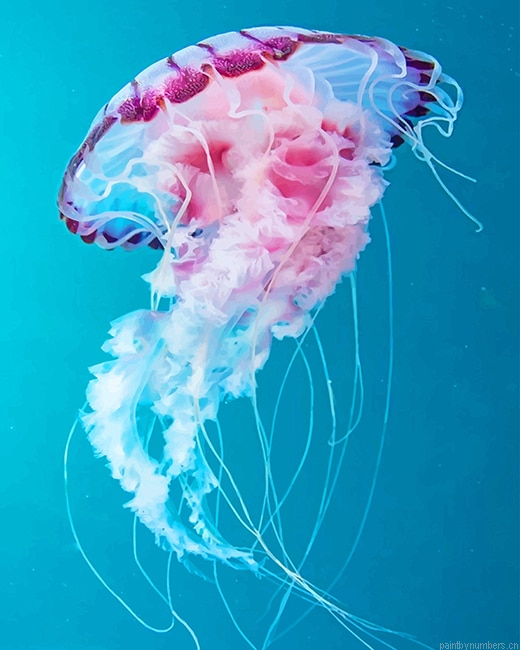 Pink Jellyfish Painting By Numberss.png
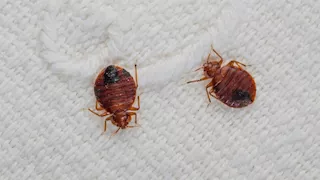 معركة قضائية.. "بق الفراش" يشعل أزمة في فنادق لاس فيجاس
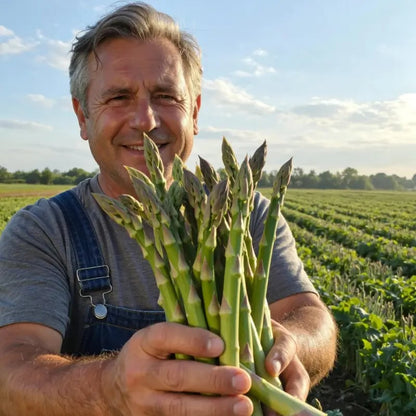 🌿Grow Fresh Asparagus at Home🥗 — Harvest for Years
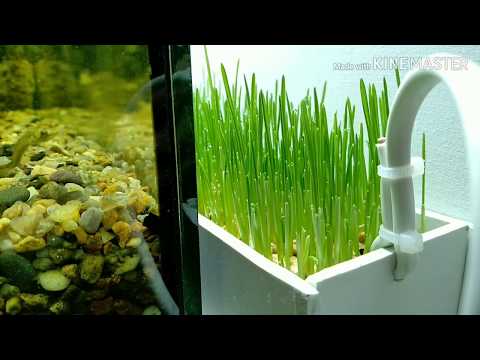 Видео: Живой задний фон аквариуму из пшеницы/Live Wheat Aquarium Background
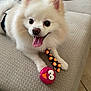 Milo is registered to the contest to win money with this photo: dog, pomeranian, white_fur, tongue_out, toy_ball, pink_ball, patterned_tie, couch, cushion, upholstery, indoor, pet, close_up, happy, playful, paw, black_eyes, nose, tiled_floor, collar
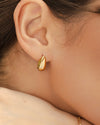 Debby Gold Studs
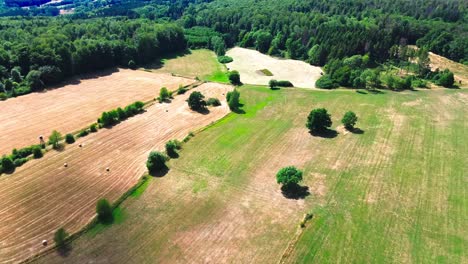 Luftdrohnenaufnahme-über-Ackerland-Und-Wald-Im-Sommer,-4k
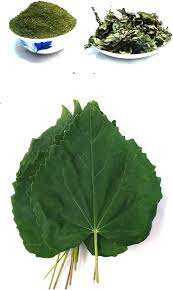 Parijata Herbs Atibala Leaf Powder, Ayurvedic wellness tonic.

══════════════════════════════

Problem details> Give again the stretch of lines above from the one with "فنادق لاس فيجاس" through the one with "Видео: Живой задний", both ends kept, and copy no pictures.

Result of this task>
 معركة قضائية.. "بق الفراش" يشعل أزمة في فنادق لاس فيجاس
 🌿Grow Fresh Asparagus at Home🥗 — Harvest for Years
 Видео: Живой задний фон аквариуму из пшеницы/Live Wheat Aquarium Background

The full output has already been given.